日本私立学校振興・共済事業団による『平成21年度版 今日の私学財政(大学・短期大学編)』によると、平成20年度の大学法人(医歯系除く)の決算は帰属収入が前年度比2.4%減少する一方、消費支出は前年度比5.1%増となり、いわゆるサブプライム・ショックの影響が大きく反映される結果となった。まず、消費支出面では有価証券処分差額・有価証券評価差額の大幅計上により資産処分差額が前年度の618億円から1,940億円へと1,322億円もの記録的増加となり、管理経費もデリバティブ等の運用関連損を中心に356億円増加した。一方、帰属収入面では受取利息・配当金収入が192億円、資産売却差額が346億円減少した。これら4要因でマイナス効果は2,216億円に達し、さらに寄付金が前年度より232億円減少したことも加わり、帰属収支差額は65億円まで激減した。

帰属収支差額と資産処分差額

もっともこうした特殊要因がなければ帰属収支差額は2,281億円(=65億円+2,216億円)となっていたわけなのだが、それでも前年度の2,612億円と比較すると331億円減少したことになる。このことから帰属収支差額の減少傾向に歯止めはかかっていないことが判明し、その要因はコアな部分に求められる。すなわち学生生徒等納付金が前年度より148億円減少する一方、人件費が36億円、教育研究経費が188億円それぞれ増加し、3要因で372億円のマイナス効果となったのである。中でも学生生徒等納付金がはじめて前年度より減少したことが一段と目を引く。

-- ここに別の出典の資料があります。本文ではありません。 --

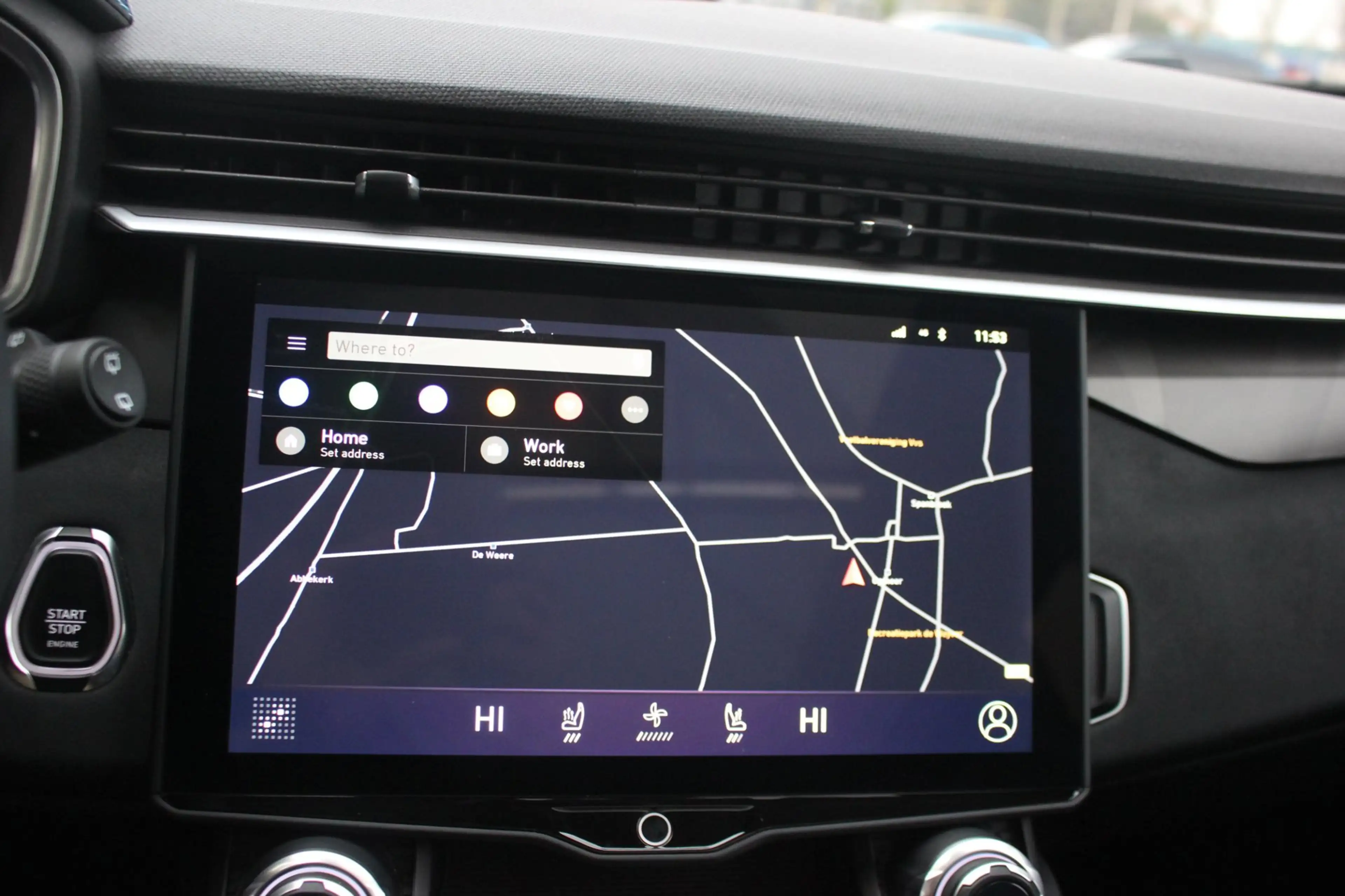Lynk & Co 01 1.5 PHEV Plug-in hybrid | NAP | Black-Edition| Pan — photo 27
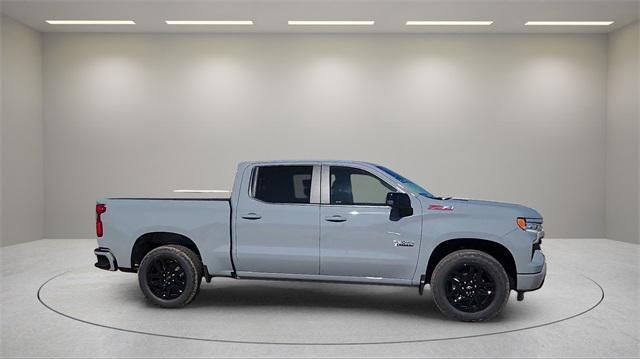 new 2025 Chevrolet Silverado 1500 car, priced at $55,000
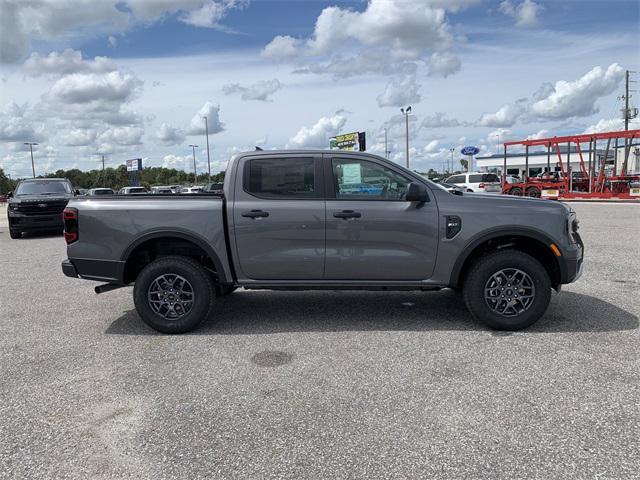 new 2025 Ford Ranger car, priced at $35,386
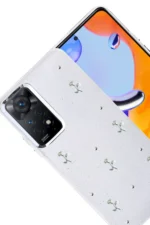 Uray store Xiaomi Redmi Note 11 Pro Fiyonk Desenli Kapak - Desen 4 - Görsel 2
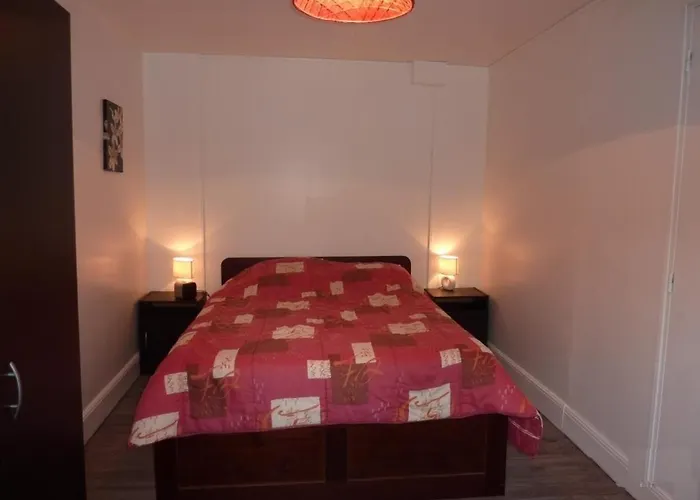 Maison Au Mont-dore Avec Jardin Clos, Ideale Pour 10 Personnes - Fr-1-608-120 펜션 르몽도레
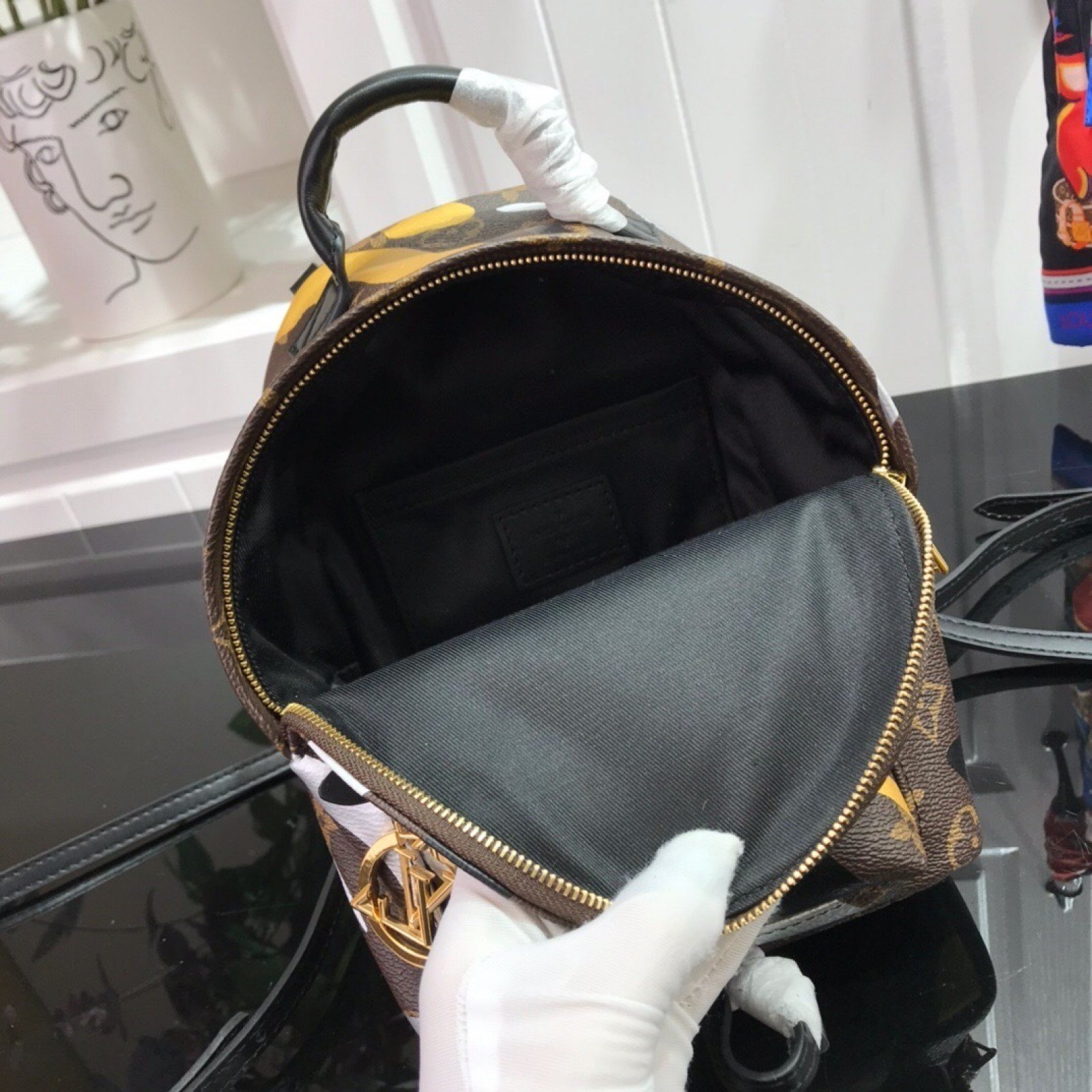 LV XLOL PALM SPRINGS MINI M45143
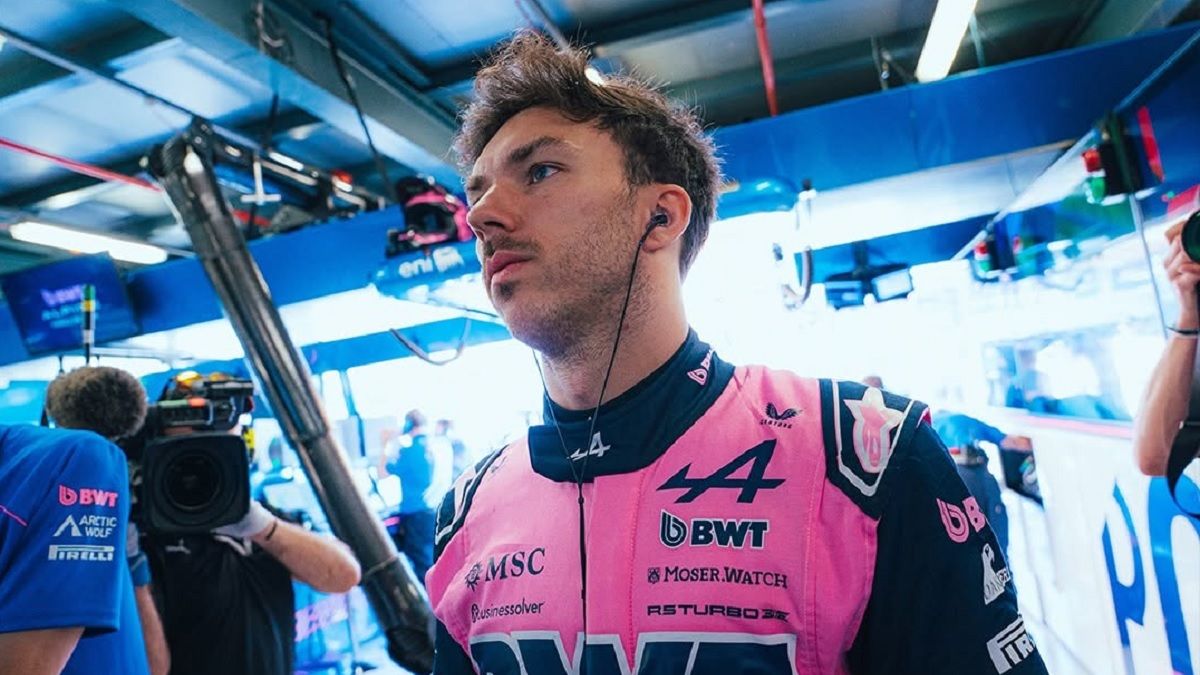 El fuerte sincericidio de Pierre Gasly tras su brutal accidente en el GP de Miami: 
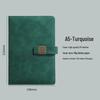 A5 Customizable Buckle Business Notebook with Logo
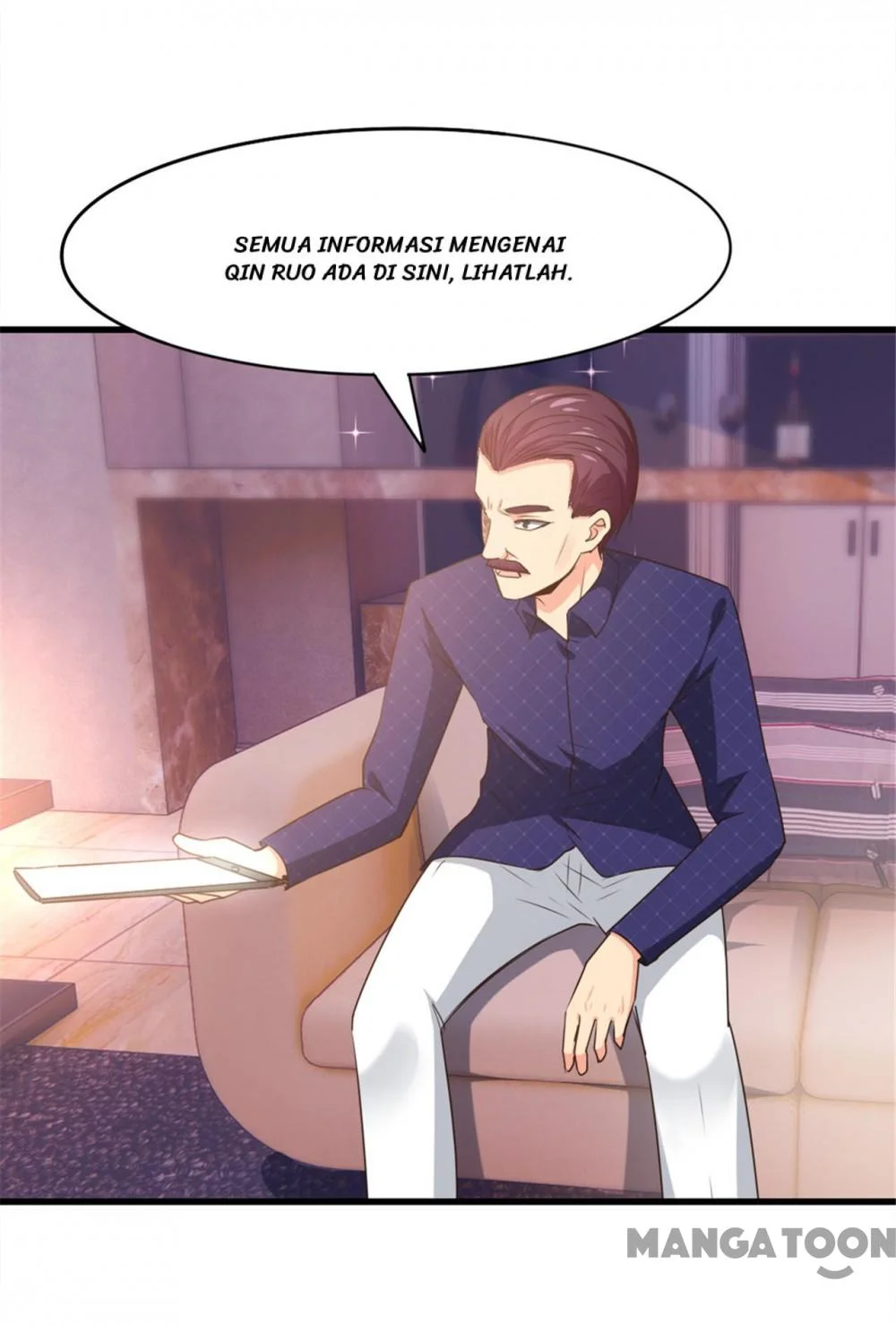 My Pretty Tenants Chapter 289 Gambar 5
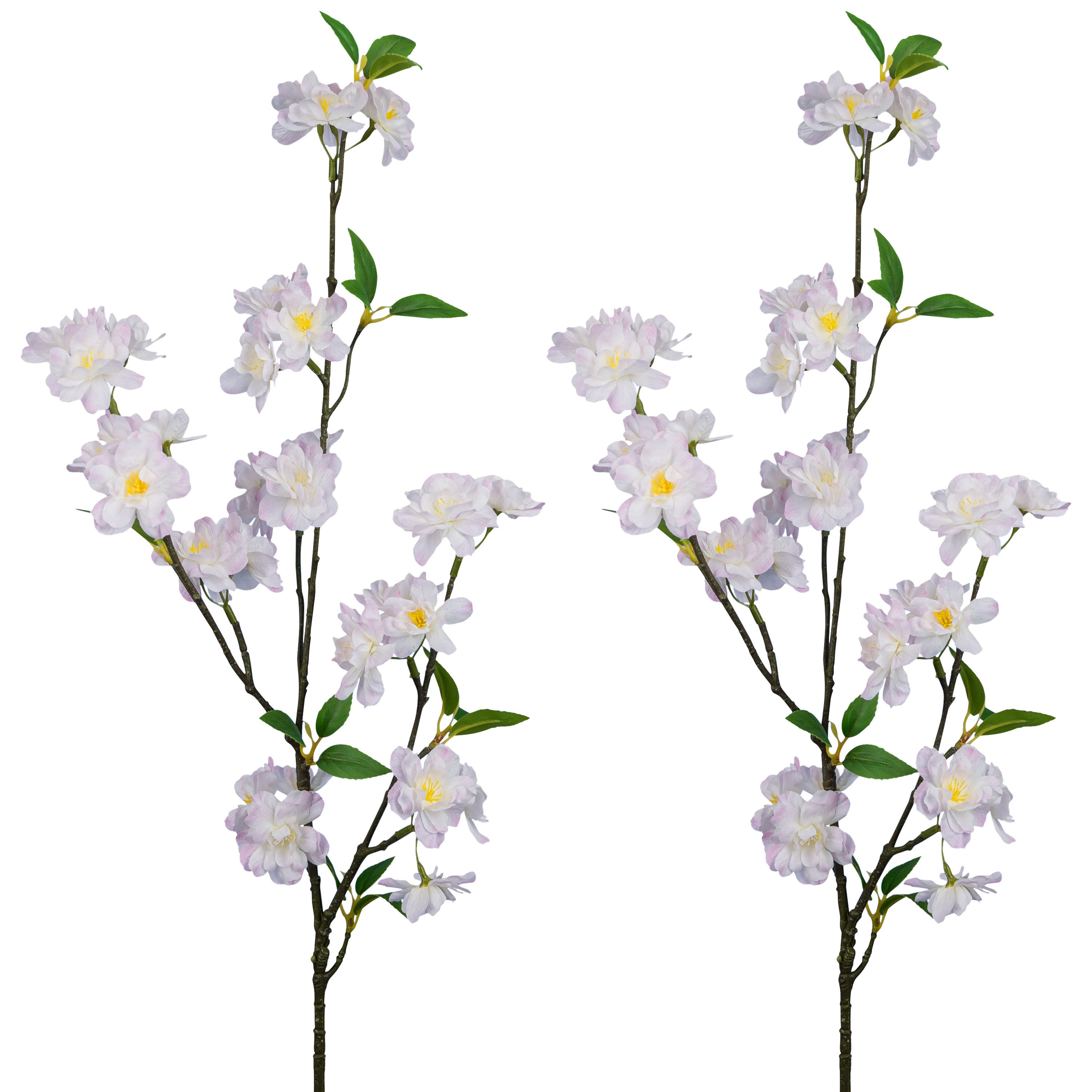 Kunstzweig Kirschblütenzweig, Creativ green, Höhe 94 cm, mit traumhaft schö günstig online kaufen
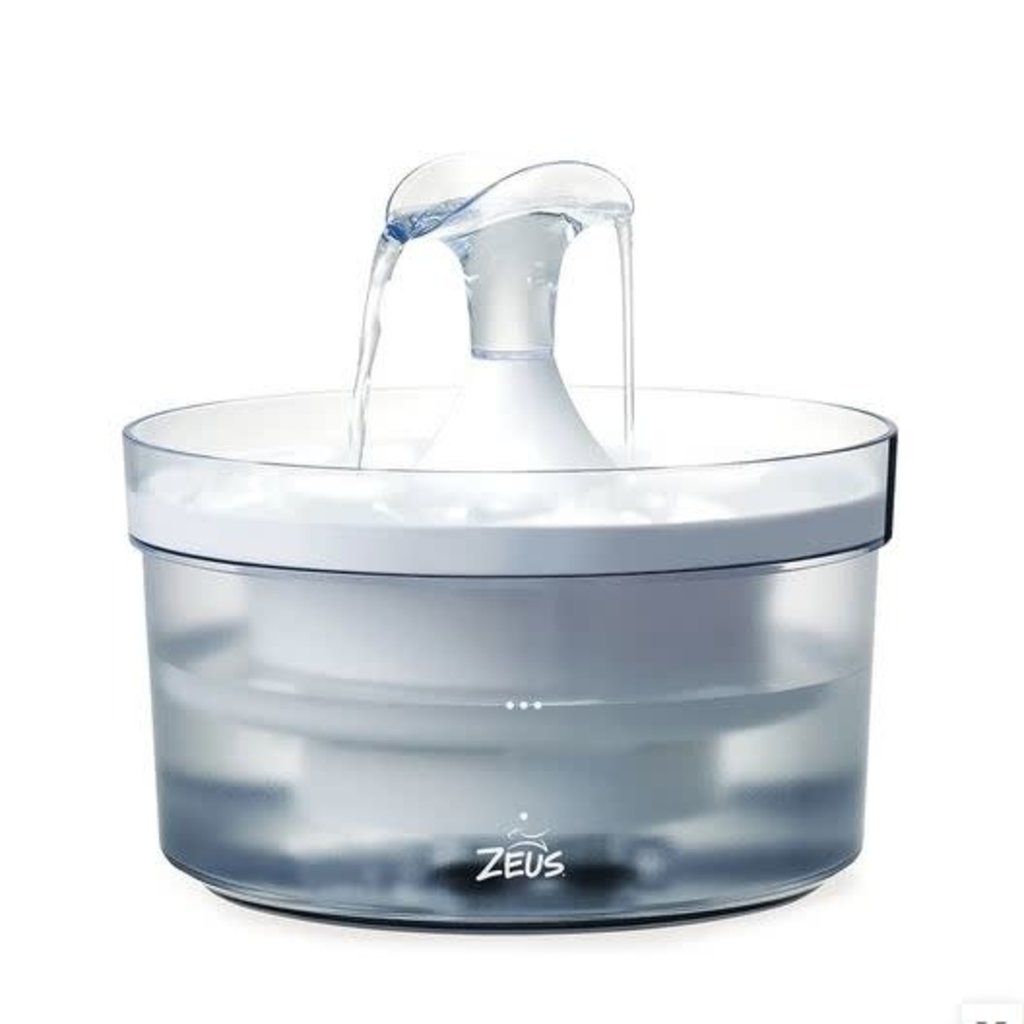 Zeus Zeus - Fontaine Avec Jet D'Eau - 1.5 L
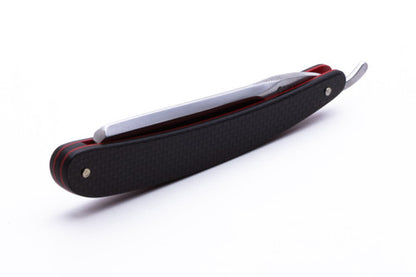 6/8" Boker Elite Carbon 3.0 Straight Razor | Solingen, Germany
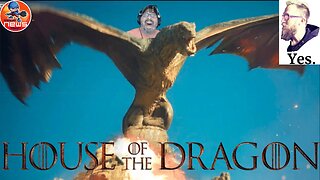 House of the Dragon with Nerdrotic | Covering season 1 and predictions for season 2 #hotd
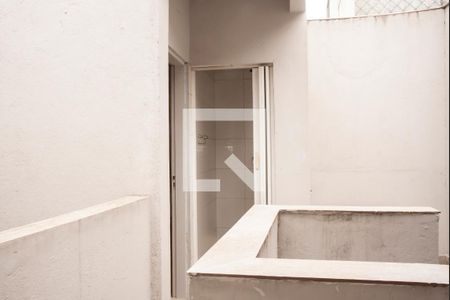 Casa à venda com 206m², 3 quartos e 3 vagasÁrea externa do 2° piso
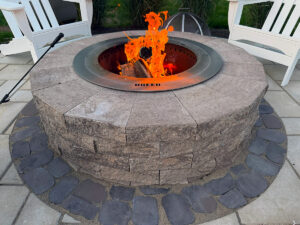 Breeo Fire Pit Zentro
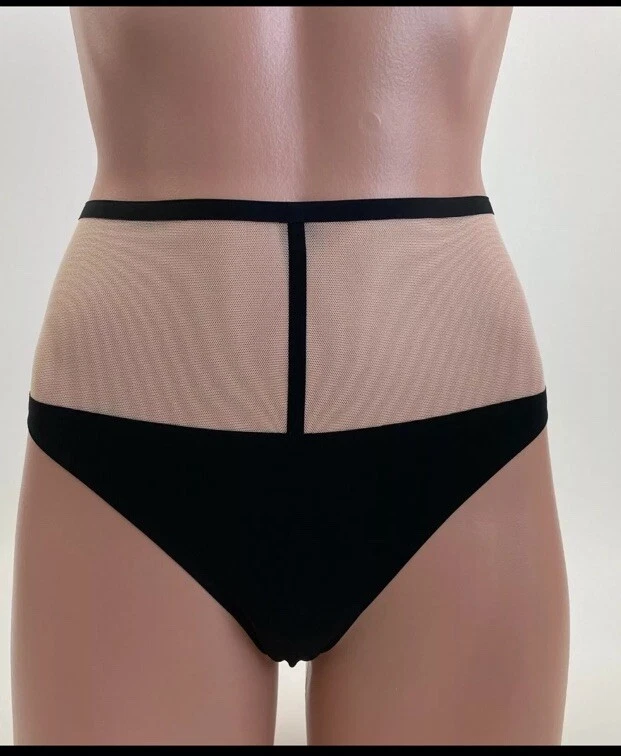 Victoria's Secret Very High Waist String Thong Panty Size M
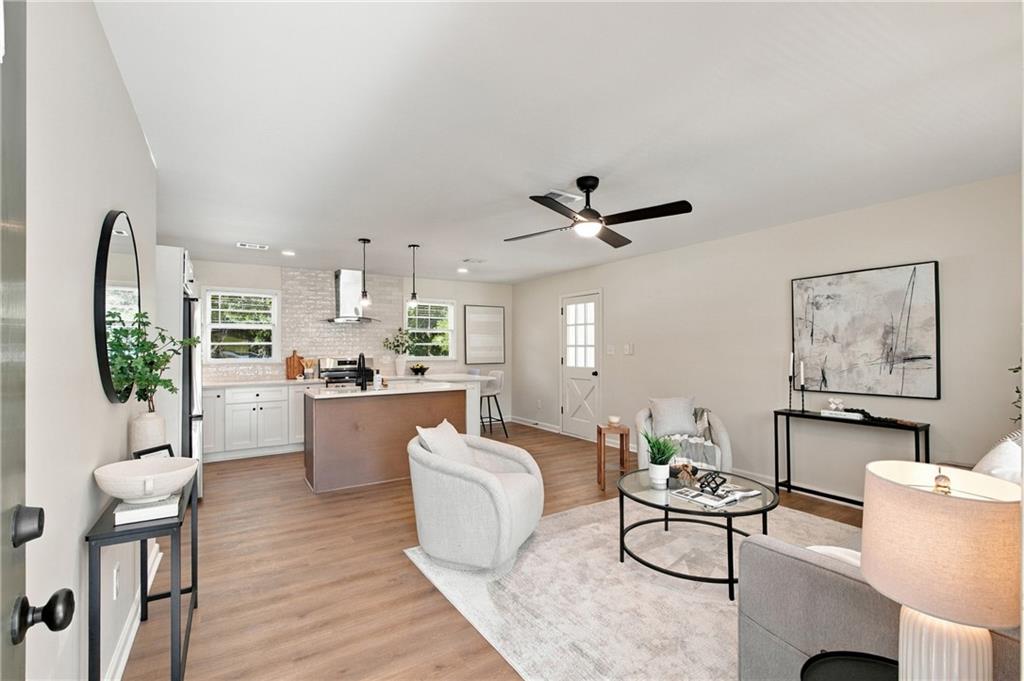 2985 Valley View Drive Powder Springs, GA 30127 - Photo 8 of 41 Gallery Image 8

主要指標をみてみると、企業の使用総資本事業利益率(ROA)に該当する「{(学校事業収入-学校事業支出)+事業外収入}/総資産」は前年度の2.0%から1.2%へ、売上高営業利益率に該当する「(学校事業収入-学校事業支出)/学校事業収入」は同3.0%から0.2%へ、「帰属収支差額比率=帰属収支差額/帰属収入」は同7.4%から0.2%へというように代表的な指標はいずれも急落した。一方、「人件費比率=人件費/帰属収入」 は52.8%、「人件費依存率=人件費/学生生徒等納付金」 は72.3%、「教育研究経費比率=教育研究経費/帰属収入」は31.0%、「管理経費比率=管理経費/帰属収入」は9.9%といずれも平成10年度以降で最も高くなった。

平成21年度は20年度のような特殊要因がなくなるため、帰属収支差額は回復すると予測されるものの、上述のような収支状況を勘案すると19年度を上回るのは困難だろう。大学経営は大きな転換点を迎えているといえそうだ。